La date limite laissée aux géants du web par l’UE pour se conformer à son nouveau règlement, le Digital Services Act (ou DSA), est passée. Où en sont-ils ? Qui sont les bons et les mauvais joueurs ?
Rappel liminaire : DS… quoi ?
Le Digital Services Act est un règlement européen qui vise à rendre illégal en ligne ce qui l’est dans la vie réelle. Les deux éléments extrêmement importants portent sur :
- la lutte contre les contenus illicites ou haineux :
- les plateformes ont l’obligation de faciliter leur signalement et d’intervenir rapidement,
- celles-ci doivent coopérer avec des « signaleurs de confiance » dont les notifications sont traitées en priorité. En France, il s’agit de la plateforme gouvernementale Pharos ;
- le ciblage publicitaire :
- il est désormais interdit de cibler les mineurs,
- l’utilisation des données sensibles en critère de ciblage, comme l’orientation sexuelle, la religion ou l’origine ethnique, est prohibée ;
Le DSA vise aussi à instaurer plus de transparence des plateformes. Ces dernières doivent :
- expliquer le fonctionnement des algorithmes qu’elles utilisent pour recommander certains contenus publicitaires en fonction du profil des utilisateurs, y donner accès aux chercheurs et réaliser des audits indépendants tous les ans, sous le contrôle de la Commission européenne. Le recours à des dark patterns (ou « pièges à utilisateurs ») dans les interfaces et autres pratiques visant à induire les utilisateurs en erreur sont interdites ;
- donner la possibilité aux utilisateurs de choisir une autre option (au moins) à la recommandation de contenus s’appuyant sur l’utilisation des données personnelles ;
- communiquer pour chaque publicité certaines informations, comme le nom de l’annonceur et du payeur dans des « bibliothèques publicitaires ».

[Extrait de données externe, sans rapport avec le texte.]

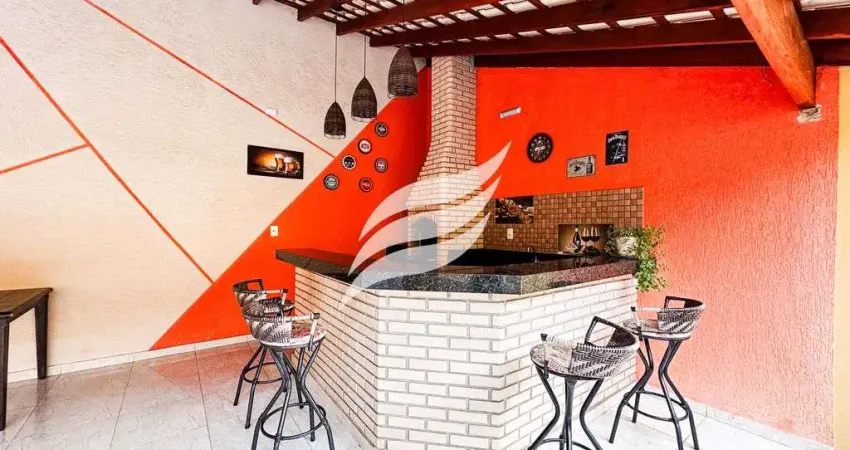 Casa com 3 quartos à venda na Rua Ana Nery, 1, Ipanema, Araçatuba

Ce règlement s’applique dans toute l’Union européenne. Tous les services numériques devront se mettre en conformité d’ici le 17 février 2024. Cependant, 19 « très grandes plateformes », celles qui comptent plus de 45 millions d’utilisateurs actifs mensuels) sont concernés depuis le 25 août dernier : Google, Microsoft, Amazon, Facebook, LinkedIn, TikTok, Snapchat, Instagram ou encore X (ex-Twitter).

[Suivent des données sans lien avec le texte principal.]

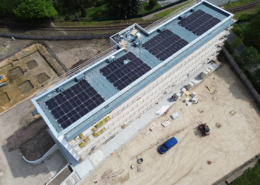 ETEPA A - Solární elektrárna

En cas de non-respect, elles peuvent recevoir une amende allant jusqu’à 6% de leur chiffre d’affaires annuel, voire être exclues du territoire européen.
Qui est déjà dans les clous ?
Pour se mettre en conformité, les plateformes ont introduit des changements ces dernières semaines. À ce jour, Meta, Pinterest, Snapchat, X et d’autres se sont pliés aux règles du DSA.
De son côté, Google n’a pas encore fait grand-chose, considérant avoir déjà mis en place une bonne partie des éléments imposés par le règlement. En effet, elle permet depuis 2012 de traiter en priorité les signalements de partenaires dans le cadre de son programme Priority Flagger. Et depuis 2021, elle ne permet plus de créer de publicité personnalisée à destination des personnes de moins de 18 ans. Elle indique seulement que le reste des obligations imposées par le DSA est en cours de déploiement.
Conséquences immédiates
Le DSA a déjà eu des conséquences tangibles et visibles par tous les utilisateurs. Certaines plateformes, comme Meta, TikTok et Snapchat, ont permis aux utilisateurs de désactiver les algorithmes de recommandations personnalisées. Cela représente une décision majeure pour TikTok, dont le célèbre « Pour toi » a été le moteur de son succès – et de l’addiction de certains de ses utilisateurs. LinkedIn, de son côté, a étendu son fil chronologique.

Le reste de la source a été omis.